US 4000704 A
A shipping tray or pallet which can serve either as a top or bottom support tray for a shipping container that allows for nesting of one or more trays so that only a minimum amount of space is required when returning empty trays and an improved method for interlocking foot portions or legs of two stacked trays so that safer and more stable stacking is possible and lateral shifting of one tray with respect to another when in a stacked configuration is prohibited. Each of the foot portions of the trays is provided with male and female reinforcing ribs which will interlock with complementary legs on a similarly designed tray.
1. A shipping pallet for transporting a load secured thereto and formed from a single sheet of deformable material, comprising a generally planar deck having an upwardly extending exterior wall portion, said wall portion being adapted to locate said load and act as means for gripping said pallet, a network of reinforcing rib members entending away from said deck, a first portion of said reinforcing rib members defining at least two channels within said pallet adapted to permit entry of the forks of a lift truck under said pallet, a plurality of foot means extending away from said first portion for supporting said pallet, each of said foot means having complimentary supporting surfaces formed from a second portion of reinforcing rib members comprising a plurality of alternating male and female sections within each of said foot means, wherein said supporting surfaces are formed into an interlocking herringbone pattern substantially across the entire area of said surfaces, said male and female sections being located in planes other than the plane of said deck, said male sections providing support for said pallet when not in a stacked orientation, said male and female sections being adapted to interlock with foot means of an inverted similarly designed pallet when said similarly designed pallet and said pallet are placed in a stacked orientation whereby the mating surfaces of the male and female sections of said pallet and said inverted similarly designed pallet provide substantially the sole supporting surfaces between the stacked pallets and prevent lateral shifting of said pallet with respect to said similarly designed pallet when in that stacked orientation.

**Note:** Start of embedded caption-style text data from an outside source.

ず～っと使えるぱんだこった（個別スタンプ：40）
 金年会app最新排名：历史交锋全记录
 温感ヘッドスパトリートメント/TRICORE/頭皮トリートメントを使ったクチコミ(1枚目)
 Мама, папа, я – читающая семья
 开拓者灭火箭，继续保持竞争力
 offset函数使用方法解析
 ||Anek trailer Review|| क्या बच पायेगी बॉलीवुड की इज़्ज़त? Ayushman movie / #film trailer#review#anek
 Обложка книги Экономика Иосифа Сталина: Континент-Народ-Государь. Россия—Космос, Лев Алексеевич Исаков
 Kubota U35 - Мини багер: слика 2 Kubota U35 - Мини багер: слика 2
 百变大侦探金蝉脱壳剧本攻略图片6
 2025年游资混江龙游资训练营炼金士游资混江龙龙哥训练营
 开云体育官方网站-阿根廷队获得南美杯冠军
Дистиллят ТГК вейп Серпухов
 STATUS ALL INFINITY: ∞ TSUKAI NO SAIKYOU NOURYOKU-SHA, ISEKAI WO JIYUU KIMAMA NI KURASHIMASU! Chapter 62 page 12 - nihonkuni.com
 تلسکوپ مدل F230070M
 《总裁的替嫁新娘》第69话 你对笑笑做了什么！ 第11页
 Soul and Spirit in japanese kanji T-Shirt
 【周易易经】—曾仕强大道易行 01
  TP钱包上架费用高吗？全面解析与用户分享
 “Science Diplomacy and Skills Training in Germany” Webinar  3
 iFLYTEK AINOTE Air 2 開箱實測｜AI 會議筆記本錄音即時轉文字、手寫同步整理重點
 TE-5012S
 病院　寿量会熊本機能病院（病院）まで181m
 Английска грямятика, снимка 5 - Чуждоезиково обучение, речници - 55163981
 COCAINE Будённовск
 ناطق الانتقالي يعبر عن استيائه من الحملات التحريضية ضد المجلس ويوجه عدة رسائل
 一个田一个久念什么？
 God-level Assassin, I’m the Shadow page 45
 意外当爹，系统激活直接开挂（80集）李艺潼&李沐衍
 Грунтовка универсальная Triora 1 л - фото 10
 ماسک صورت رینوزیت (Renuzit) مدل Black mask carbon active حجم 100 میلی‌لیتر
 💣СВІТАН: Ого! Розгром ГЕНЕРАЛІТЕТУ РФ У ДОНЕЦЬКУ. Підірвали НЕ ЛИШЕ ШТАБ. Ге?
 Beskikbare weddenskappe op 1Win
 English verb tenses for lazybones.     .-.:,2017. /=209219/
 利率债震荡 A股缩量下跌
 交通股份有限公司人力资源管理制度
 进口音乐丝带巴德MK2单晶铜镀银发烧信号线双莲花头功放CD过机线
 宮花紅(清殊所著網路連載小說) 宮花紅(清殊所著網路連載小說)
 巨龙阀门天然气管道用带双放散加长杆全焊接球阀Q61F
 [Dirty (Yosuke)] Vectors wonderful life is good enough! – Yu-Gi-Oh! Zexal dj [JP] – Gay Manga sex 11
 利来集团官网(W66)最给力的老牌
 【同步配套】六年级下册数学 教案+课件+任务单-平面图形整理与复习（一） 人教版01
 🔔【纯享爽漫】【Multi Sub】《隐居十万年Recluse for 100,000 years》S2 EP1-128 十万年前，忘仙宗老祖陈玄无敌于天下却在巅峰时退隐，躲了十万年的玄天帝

2. A shipping pallet as in claim 1 wherein said foot means are symmetrically located within said pallet.
3. A shipping pallet as in claim 1 wherein said wall and reinforcing rib members are adapted to permit the nesting of one pallet within another.
4. A shipping container for securing and transporting a load, said container comprising identical top and bottom shipping pallets and strapping means for securing the top and bottom pallets to said load wherein each said top and bottom pallet comprises a generally planar deck having an upwardly extending exterior wall portion, said wall portion being adapted to locate said load, a network of reinforcing rib members extending away from said deck, a first portion of said reinforcing rib members defining at least two channels within said pallet adapted to permit entry of the forks of a lift truck under said pallet, a plurality of foot means extending away from said first portion for supporting said pallet, each of said foot means having complimentary supporting surfaces formed from a second portion of reinforcing rib members comprising a plurality of alternating male and female sections within each said foot means, wherein said supporting surfaces are formed into an interlocking herringbone pattern substantially across the entire area of said surfaces, said male and female sections being located in planes other than the plane of said deck, said male sections in said bottom pallet providing support for said container when not in a stacked orientation, said male and female sections of said top pallet being adapted to interlock with complimentary foot means of an inverted similarly designed pallet comprising the bottom pallet of a second container when the second container is placed in a stacked orientation on the first container whereby the mating surfaces of the male and female sections provide substantially the sole supporting surfaces between the containers and prevent lateral shifting of the containers when in that stacked orientation.
This invention relates to a lightweight, resuable shipping pallet made of any moldable material and which, in addition to being nestable, provides improved stacking qualities.
In the past, the most common pallet was made of wood, but as discussed in many prior art patents, wooden pallets suffered many faults, not the least of which was the fact that wooden pallets are heavy, expensive to make and suffer from weather degradation. The pallets made from molded materials, such as thermoplastics, do not suffer from many such faults and numerous various designs and construction types have been patented.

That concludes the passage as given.